What's on the horizon for agriculture in your county?
Helfrich: We'd like to realize agriculture's highest and best use, which is revitalization of the lands, by utilizing waste stream (sludge, grey water or wash water from laundry, kitchen and bath) to create soil amendments, recharge the aquifier, clean up the environment, eliminate landfills, recycle and produce new products from the waste stream to increase sustainable (farm) operations. We'd like to see land-use reform and incentives for ag use and "Buy Local" import substitutes and export production. We need to move to "back-to-the-lands" sustainable economics, home grown, organic and slow food (dedicated to the enjoyment of wholesome foods, not fast foods, and the stewardship of the land and ecologically sound food production) movements, and ag-tourism opportunities to help keep [farm] families and communities intact.

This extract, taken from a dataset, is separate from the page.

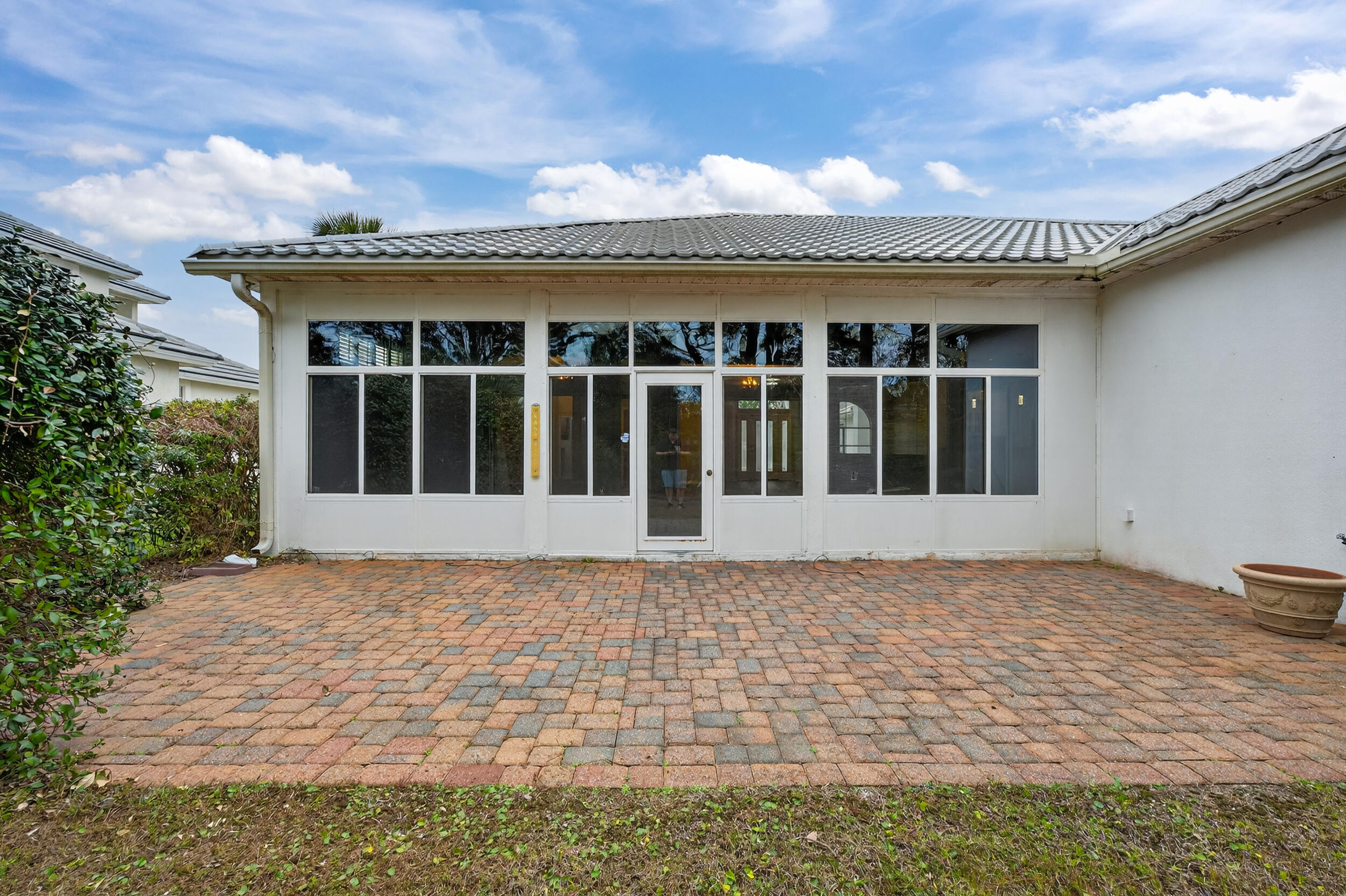 EMERALD BAY PH 1-B - Residential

We'd like to see more care with food and product safety, with incentives to again buy local, since the food chain of custody can be confirmed and controlled locally. We'd like to see more knowledge-based production and entrepreneurship, with our local research and education institutions all contributing to international and national knowledge bases for new ag initiatives. We'd like to see more energy production with an ag base, such as ethanol/methanol from bagasse, and island-wide energy self-sufficiency by the year 2020 and statewide, or nearly so, by 2040.
Skog: In the 2004 report of Focus Maui Nui, a community visioning process involving 1,700 residents, our county articulated agriculture as a priority for balance of cultural, environmental and economic development values. Sustainable agriculture is seen as a strategy and a significant contributor to our economy. Specifically, we will be exploring water-source and distribution development to support ag needs; resolving the demands for land between agriculture and housing; supporting ag entrepreneurism; and robust nurturing of future agribusiness through agriculture academies in schools.

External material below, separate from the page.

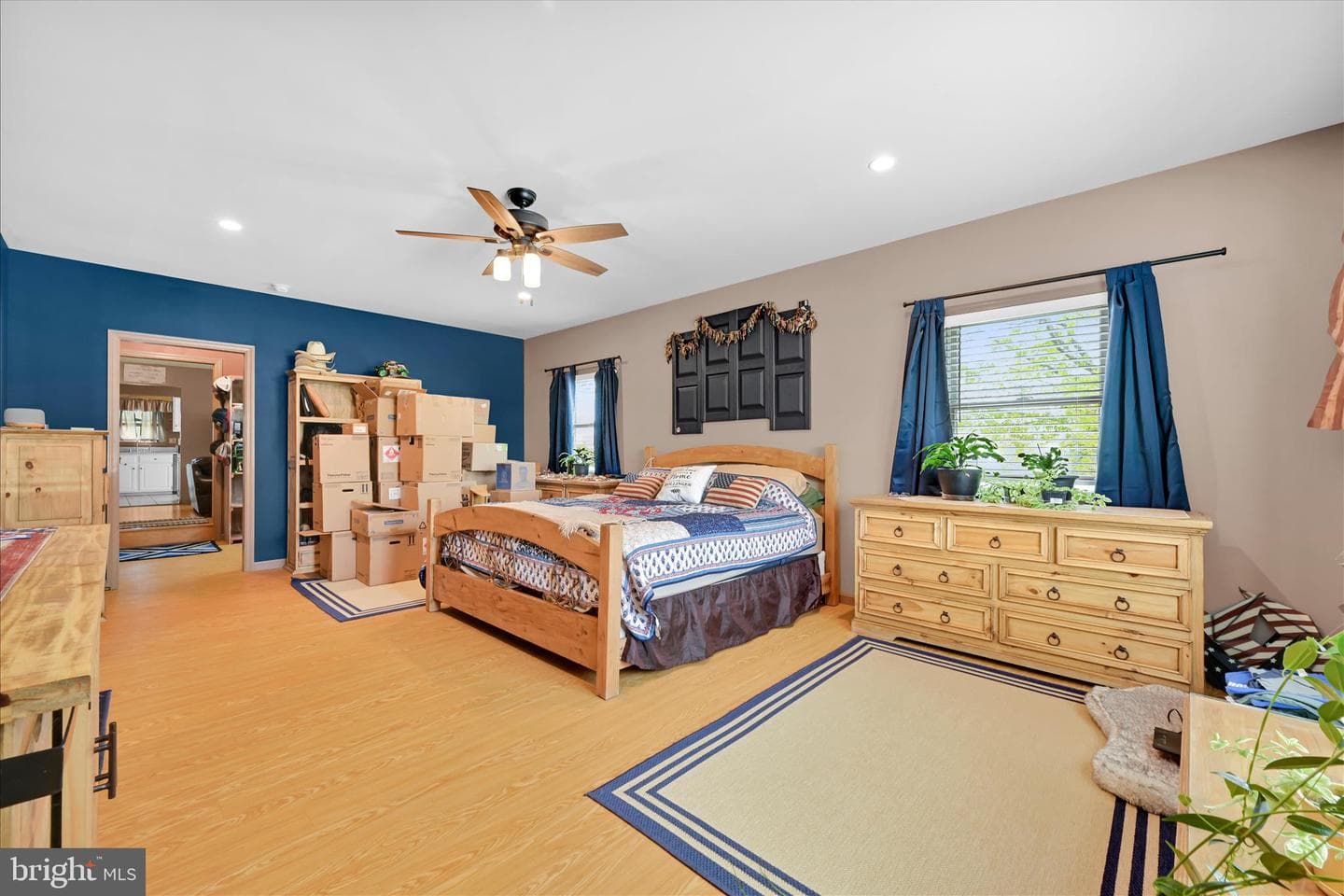 145 Franklintown Road photo 29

Yoshioka: The Agricultural Preservation Initiative, proposed last year by the Navy's Pacific Missile Range Facility at Barking Sands and approved by the state Board of Land and Natural Resources, preserves approximately 5,000 acres surrounding the base for ag use for the life of the base's state lease till 2029. This will increase farming opportunities for west Kauai. A new Kauai Agriculture Development Program, funded by the USDA's Natural Resource Conservation Service, is currently being developed to assist Kauai farmers and stimulate an increase in ag entrepreneurship. Work is also underway to create a "Kauai Brand" to be marketed on island at retail outlets and via the Internet to stimulate production of more value-added products. Finally, the introduction of the Super Ferry in 2006 offers the possibility of more reliable/reduced shipping, thus opening up new opportunities in ag development on the Garden Isle.